A typical gloss-over read before sending usually doesn’t reveal what might be glaring errors to a pair of fresh eyes.

Those don’t have to be a 3rd party. If you give yourself a minute and come back to your work with fresh eyes that see what’s there rather than what you think is there, you can proofread your own work.

That’s fine for a potentially inflammatory email or social media post, but it’s several degrees more difficult for a long piece of work such as a story, technical specification or scholarly work.

Fortunately, there are armies of professional proofreaders out there who can parse extensive works and give you a full list of corrections.

Even more fortunately, there are a variety of software services that can do the same thing nearly instantaneously.

Both cost money. If you don’t have money, you need to take the time to do what a live or virtual proofreader would do if you had the money to pay them.

But Rob, you whine, I don’t know what that consists of!

Continue reading, I have some simple tips videos in the next section. If you click through to YouTube, you’ll find even more how-to videos.

Proofreading


3 Simple steps to painless proofreading


Proofreading: catch more errors

One of the most powerful pieces of proofreading advice I’ve heard is that you should read your work backwards.

Reading backwards makes misspelled or even incorrect word choices jump off the page.

There are a variety of counterintuitive techniques that you can employ to clean up your work before pressing send.
writing-divider

In 👓You’re🖋️Your Underwear

Writing without revising is the literary equivalent of waltzing gaily out of the house in your underwear. ~Patricia Fuller

It really depends, doesn’t it?

Sometimes, you just want to go balls to the wall on social media.

Sometimes you’re so triggered that you just need to snap back.

That’s life, isn’t it?

Well, even then it helps to make your point if you’re not introducing odd misspellings, grammatical errors or logical fallacies.

But whatcha gonna do? ¯\_(ツ)_/¯

As far as more substantial works, you should definitely take the time and effort to polish your work before publishing.

Another thing that “they” say is that you shouldn’t write creatively and edit at the same time.

Sorry, y’all, I can’t refrain from doing so. I’ve been writing software in one form or another for over three decades.

If you jump to a new line with errors present, your program simply won’t work.

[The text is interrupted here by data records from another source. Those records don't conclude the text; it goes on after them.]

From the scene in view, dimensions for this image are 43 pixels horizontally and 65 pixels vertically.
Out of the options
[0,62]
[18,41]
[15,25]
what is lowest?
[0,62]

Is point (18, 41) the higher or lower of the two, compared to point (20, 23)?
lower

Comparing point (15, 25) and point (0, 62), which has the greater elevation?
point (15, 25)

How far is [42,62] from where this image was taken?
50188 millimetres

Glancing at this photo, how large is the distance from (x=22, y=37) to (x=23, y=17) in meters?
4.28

I’ve gotten into the habit of simultaneously cranking out story while also scanning in real-time for misspellings, word choice, flow and overall consistency.

That’s not the norm. What’s recommended is that you put on your artsy-fartsy hat for writing, put the document on ice for some time and then come back with your editor hat on.

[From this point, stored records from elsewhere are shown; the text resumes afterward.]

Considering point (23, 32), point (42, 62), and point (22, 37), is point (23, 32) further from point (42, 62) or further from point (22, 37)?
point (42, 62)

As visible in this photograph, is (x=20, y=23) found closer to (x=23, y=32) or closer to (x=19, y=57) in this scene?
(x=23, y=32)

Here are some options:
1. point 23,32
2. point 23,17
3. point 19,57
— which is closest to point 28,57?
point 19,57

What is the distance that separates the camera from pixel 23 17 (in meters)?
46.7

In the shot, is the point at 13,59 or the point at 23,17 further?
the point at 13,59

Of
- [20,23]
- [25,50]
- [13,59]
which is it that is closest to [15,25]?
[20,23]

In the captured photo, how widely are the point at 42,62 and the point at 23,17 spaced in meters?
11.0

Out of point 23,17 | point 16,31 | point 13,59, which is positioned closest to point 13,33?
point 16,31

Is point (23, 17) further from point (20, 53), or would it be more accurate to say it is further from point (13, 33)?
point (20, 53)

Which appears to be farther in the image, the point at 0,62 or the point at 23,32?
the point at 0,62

That seems insanely inefficient to me. I don’t know that I could pull that off.

Even when I’m totally in the zone and am one with the story, I’m still scrutinizing the story as it flows from my keystrokes.

That’s my process. If you can do the hat swapping thing and that works for you, great. It’s not for me.

But, as Mark Twain observed (above), self-editing only gets you so far.

You become blind to simple things because you knew what you wanted to say.

Your mind tends to project that over what you’re actually seeing on the page.

This is where it’s good to have an independent editor, proofreader and other specialists to analyze your work empirically.

Fortunately, I have ProWritingAid and AutoCrit to do this for me. I love the lifetime membership options for SaaS programs of this kind.

What I paid to get perpetual access to these tools is a drop in the bucket to hiring people to receive these services.

Naturally, the people still do a better and more thorough job, but they also cost that much more because of it.

If you want to publish a book, you either need a fat wallet or someone else who does.

If you have neither, you’d better be prepared to put in the work to do it all yourself.


That’s all for today. See you on Wednesday for a topic related to cookies 👧🏻, but not exclusively so.